START Information shown
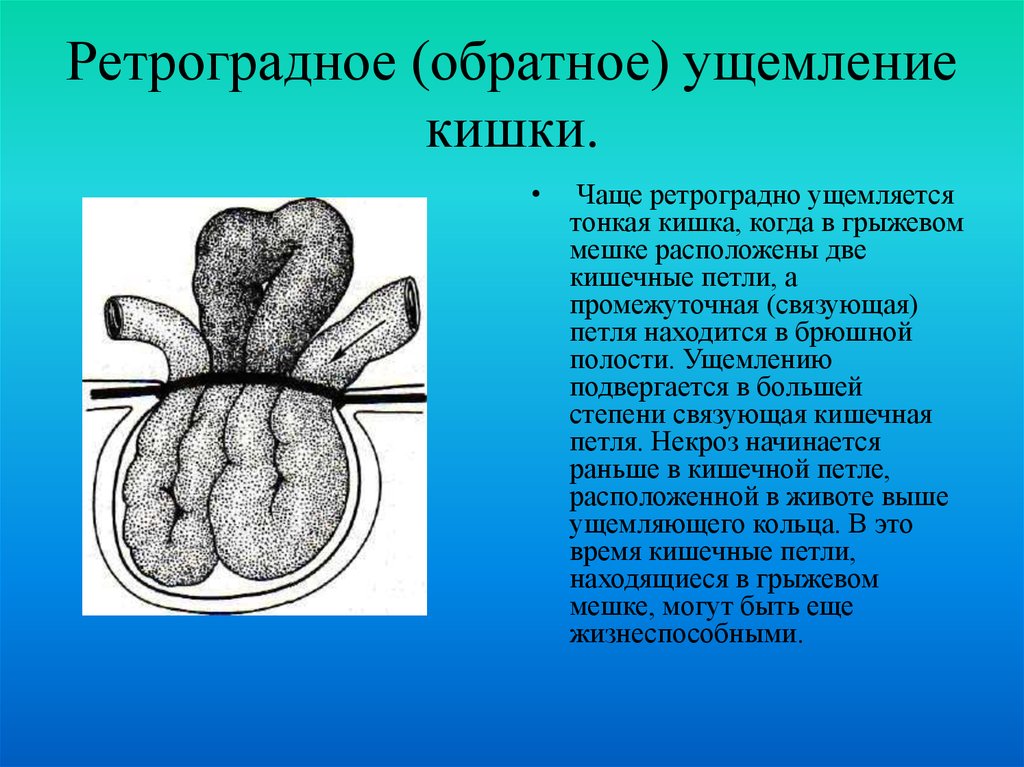 Вентральные грыжи презентация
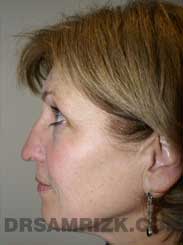 Female patient Pre-Op rhinoplasty - side view
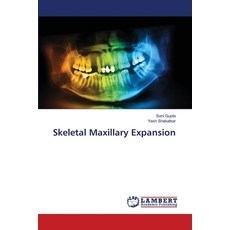 (英文圖書)Skeletal Maxillary Expansion 平裝版, LAP Lambert Academic Publis..., 英文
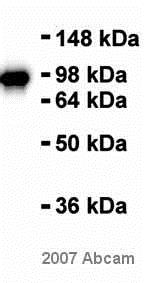 Western blot - Anti-beta Catenin antibody [E247] - ChIP Grade (ab32572), expandable thumbnail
END Information shown
_Assignment_. In the answer, the data should reappear exactly, with no pictures.

_Exercise answer_.
 Вентральные грыжи презентация
 Female patient Pre-Op rhinoplasty - side view
 (英文圖書)Skeletal Maxillary Expansion 平裝版, LAP Lambert Academic Publis..., 英文
 Western blot - Anti-beta Catenin antibody [E247] - ChIP Grade (ab32572), expandable thumbnail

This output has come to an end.